If we want to truly be radicals and not just radicals in
name, we must immerse ourselves in the daily work of
constructing a social and political force that permits us
to bring forth the changes that we want. How much more
fruitful would it be if those who spoke out were those who
were committed to this daily militancy instead of those who
practice their militancy from a desk.
After many years of living and working in Cuba, Why have
you come to live in Venezuela?
To closely accompany this laboratory that is the Bolivarian
revolution and to illuminate it to the world. To lend
support in whatever I can—especially in the area of
protagonistic participation of the people, which is my
passion. 
Although Chávez’s presence grows stronger on the Latin
American scene, some forces of the left, both civil and
governmental, still appear to view his leadership with
caution. Do you think that the left of the region
adequately values the Venezuelan process?
I believe that they are increasingly valuing it. The facts
cannot be denied. But still there are those, however few,
as many inside as outside the country, that do not
understand the importance of being able to count on a
popular government in order to advance the struggles of
their people.
What are the implications of the fact that today in Latin
America, fifteen years after the fall of the Soviet Union,
the debate about the construction of a counter position to
capitalism has been renewed with such gusto?
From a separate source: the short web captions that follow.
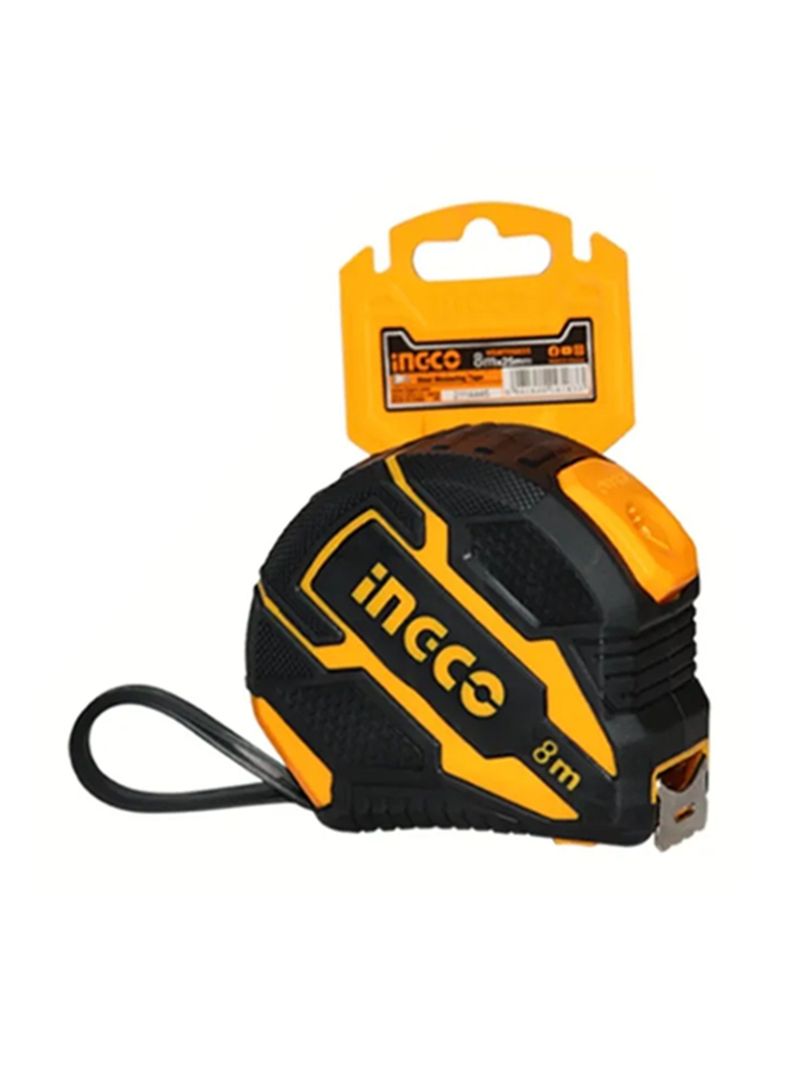 Cinta Huincha De Medir Metrica De Acero 8m Ingco Hsmt08825-1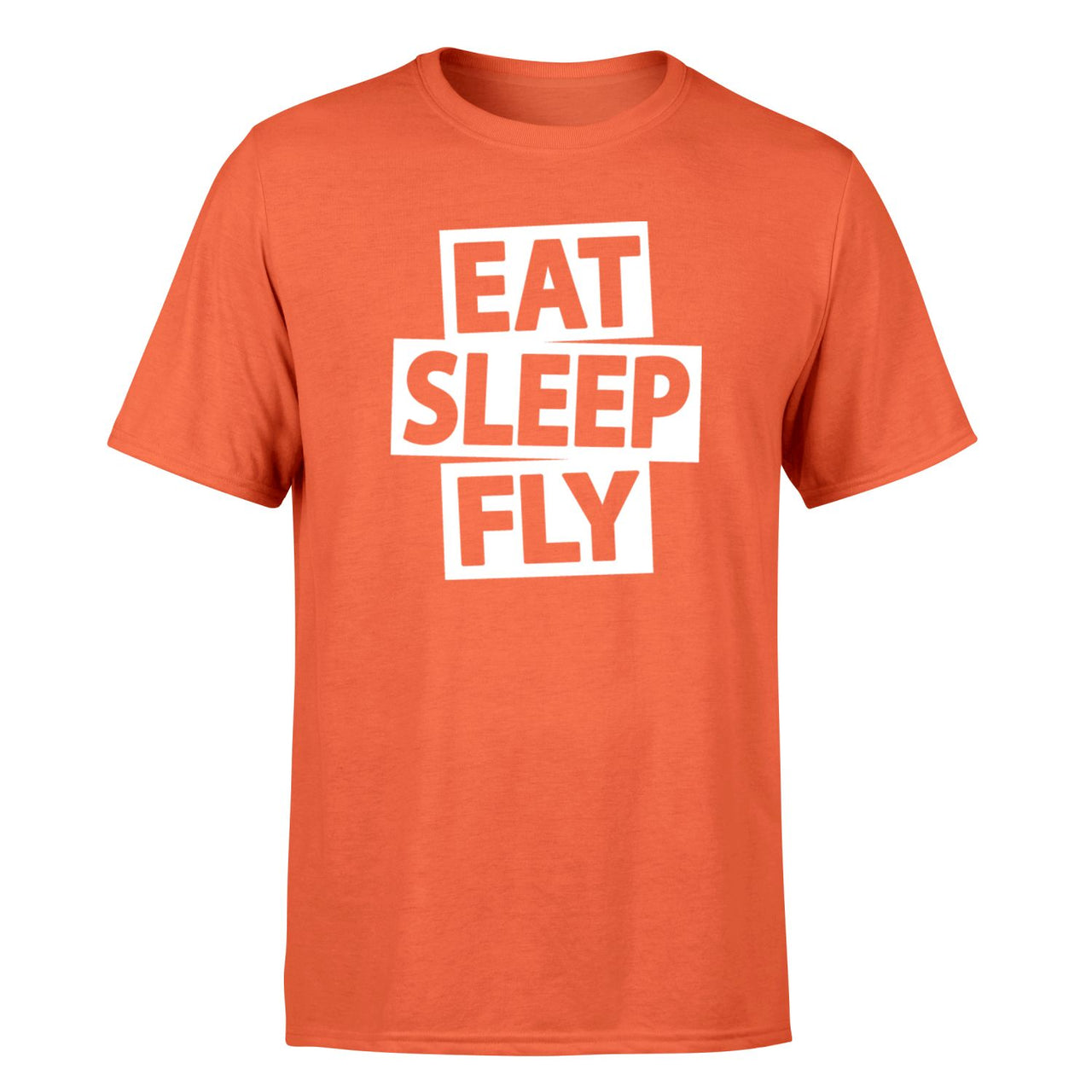 Eat Sleep Fly Designed T-Shirts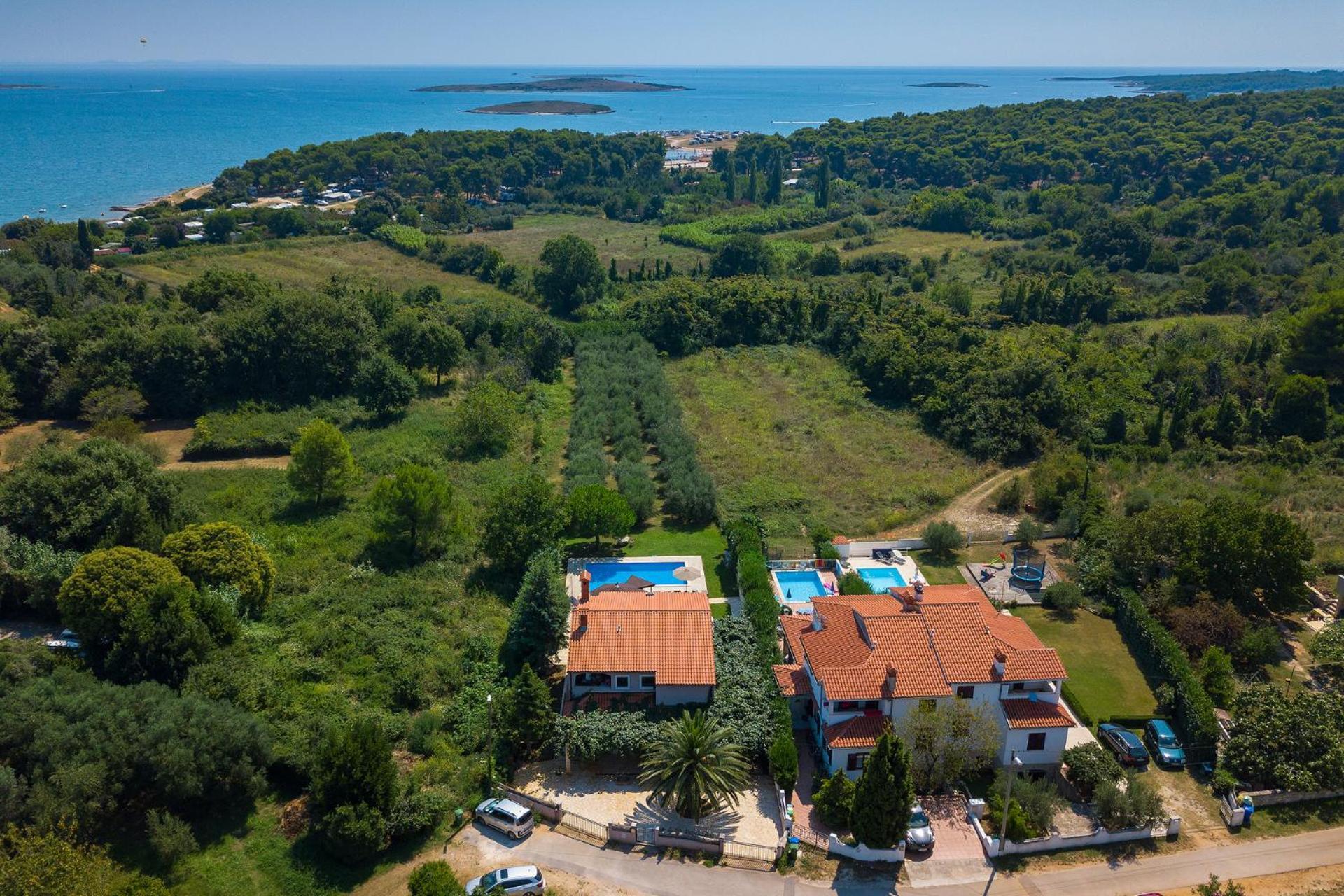 Premantura Olive Garden Villa Exterior photo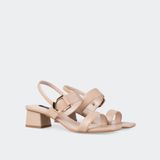 Giày sandals nữ gót trụ ChristinA-Q XDN297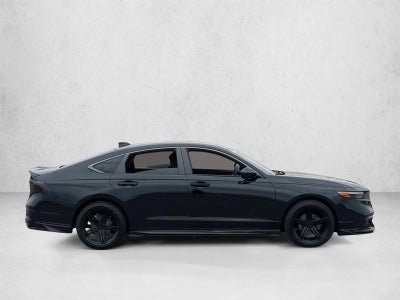 2024 Honda Accord Sedan LX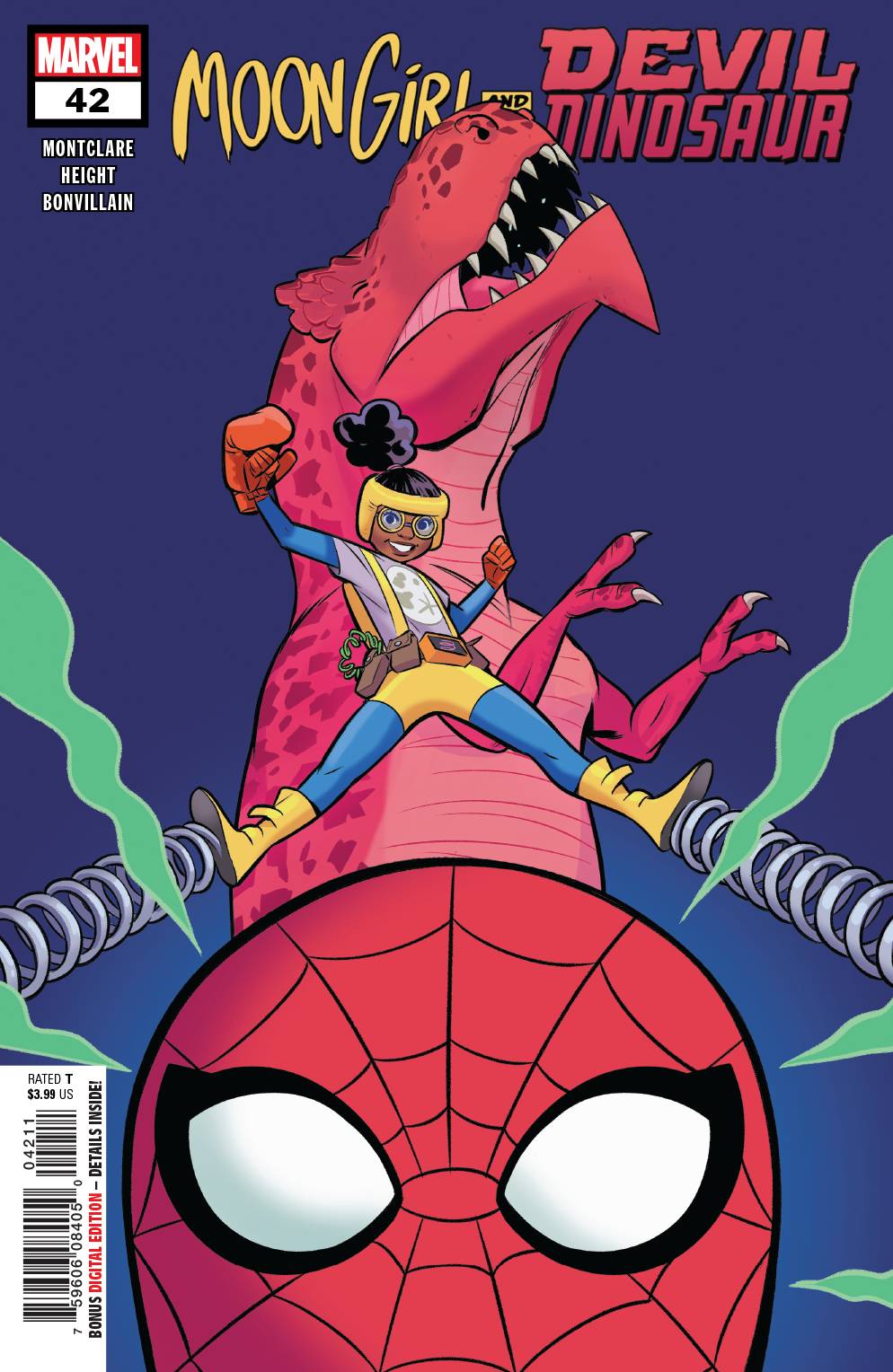Moon Girl and Devil Dinosaur #42 (2019)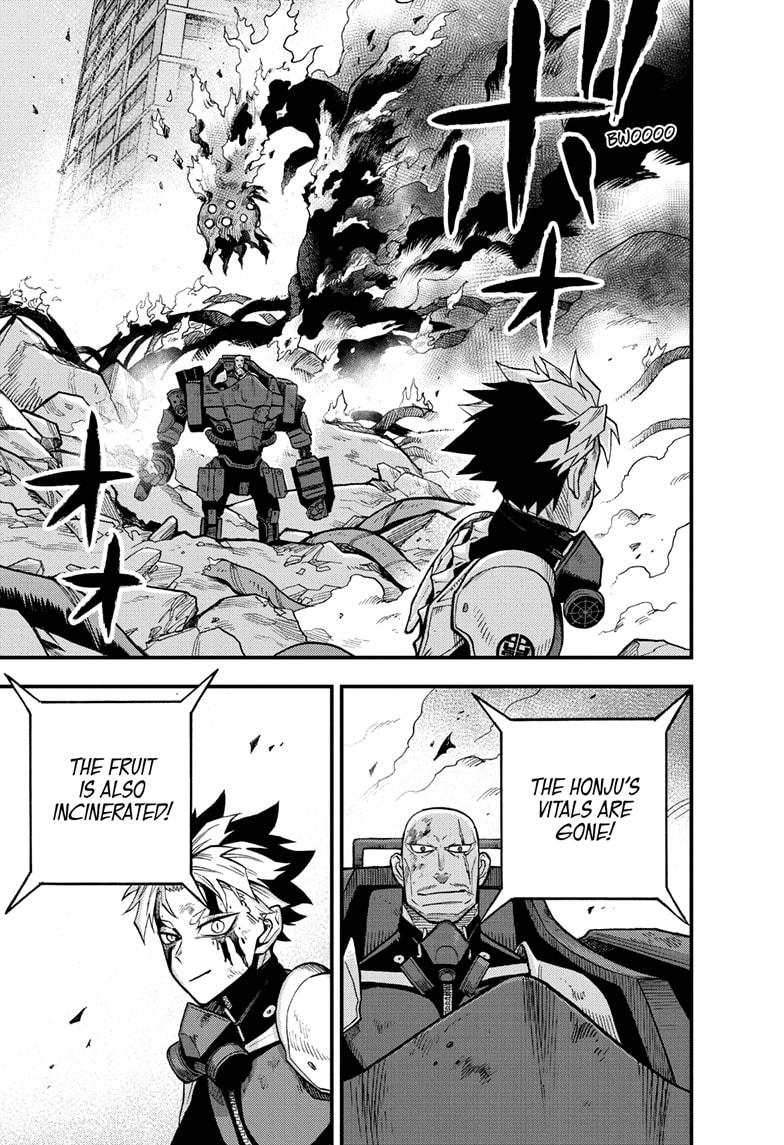 Kaiju No 8 B-Side, Chapter 12 image 20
We are beginning a new cycle of revolutionary advancement
and we must accelerate the construction of the subjective
factors that circumvent new historical frustrations.
Unfortunately, there are few countries where the social and
political forces of the left work harmoniously reinforcing
each other. Egoism and political ambition usually prevails
among their leaders. They have not sufficiently understood
that power is in unity and that unity is constructed by
respecting each other’s differences. They have not
sufficiently understood that the art of politics is to
construct a political and social force capable of making
that which appears impossible today, possible in the near
future; that in order to construct political strength you
must construct social strength.
NOTES
1. MEPLA, Havana, February 1998. Some of passages of this
work, along with various other articles of Harnecker can be
viewed freely at www.rebelion.org/harnecker. Editor’s note:
This book was published for the first time by Siglo XXI
Editores of Spain.
2. The popular market program is called MERCAL.